Chiński artysta, architekt i kurator Ai Weiwei to znaczący głos chińskiej opozycji, od lat aktywnie krytykujący władze w Chinach i walczący o prawa człowieka. Współtwórca wielu konceptualnych instalacji, w tym słynnej ekspozycji Sunflower Seeds w Tate Modern, Stadionu Narodowego w Pekinie oraz rzeźby w Parku Rzeźby na warszawskim Bródnie, zaangażowany był w ujawnienie szeregu nadużyć przy budowie szkół, które zawaliły się podczas trzęsienia ziemi w prowincji Syczuan w 2008 roku. W kwietniu 2011 roku został aresztowany przez władze chińskie, a następnie przez 81 dni przetrzymywany w nieznanym miejscu i przesłuchiwany w sprawie rzekomego przestępstwa gospodarczego, unikania płacenia podatków, a także bigamii i rozpowszechniania pornografii w internecie.
Po rzekomym przyznaniu się do winy, Ai Weiwei został zwolniony z więzienia za kaucją, pod warunkiem, że nie będzie wypowiadał się publicznie i nie opuści Pekinu.
"Podejrzany: Ai Weiwei" Andreasa Johnsena pokazuje jak artysta żyje po wyjściu z więzienia i jak nerwową grę prowadzi nadal z chińskimi władzami, które obserwują każdy jego krok. Widzimy zarówno jego życie prywatne w domowym areszcie z żoną i synem, o których losy obawia się coraz bardziej, jak również usilną próbę ponownego wejścia w rolę zaangażowanego aktywisty. Nie jest to łatwe zadanie, bo po wyjściu z więzienia Ai Weiwei nie tylko cierpi na bezsenność i zaniki pamięci, lecz musi również odnaleźć się pomiędzy życiem rodzinnym a nieustannym zainteresowaniem mediów i świata sztuki. Zachowuje jednak stoicki spokój, a jedynym sposobem na rozładowanie emocji i frustracji okazać się może kolejna instalacja, którą Ai Weiwei planuje pokazać zagranicą.
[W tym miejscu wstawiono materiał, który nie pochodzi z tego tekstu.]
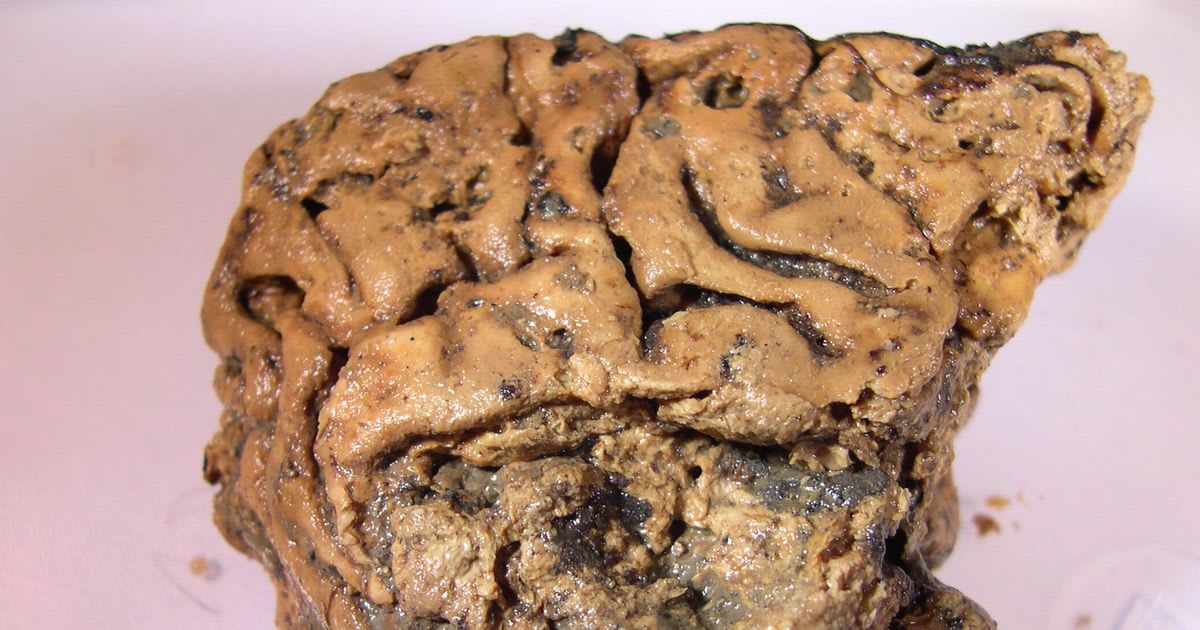 The mystery of this ancient brain, preserved for 2,600 years, may have finally been solved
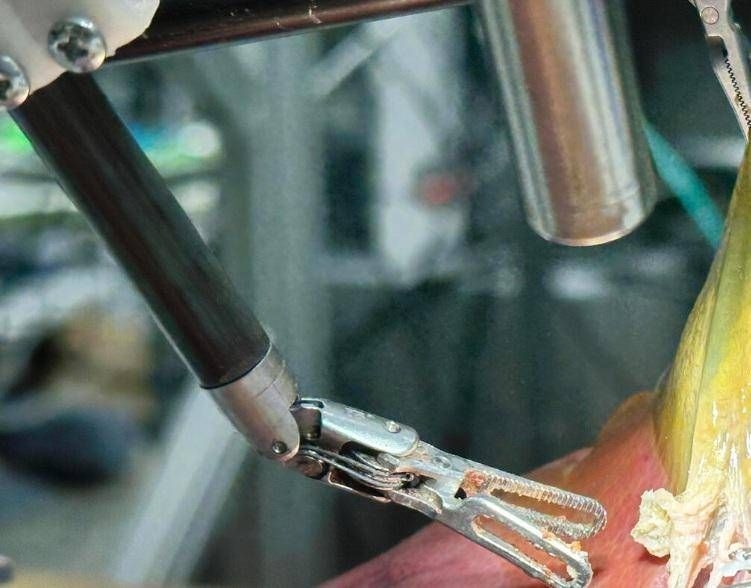 The 'robot doctor' operates alone, the first surgery without human assistance.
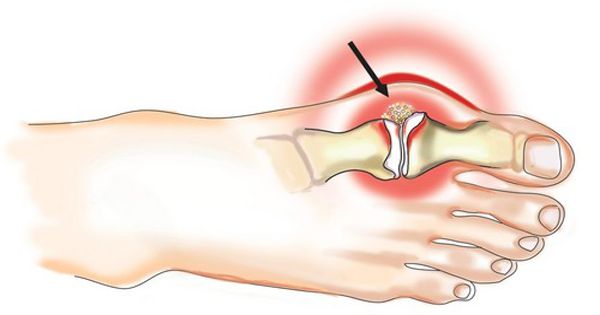 atsiliepimai apie osteoartrito pėdos gydymo artrozė gydymo šepečiai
"Podejrzany: Ai Weiwei" to próba dokumentacji codziennego życia chińskiego artysty, którego twórczość regularnie staje ością w gardle komunistycznemu systemowi władzy. Autor filmu, Andreas Johnsen ślizga się jednak po powierzchni, nie dociera do swojego bohatera, bo ten zamyka się w świecie sztuki. I tylko na niego otwiera.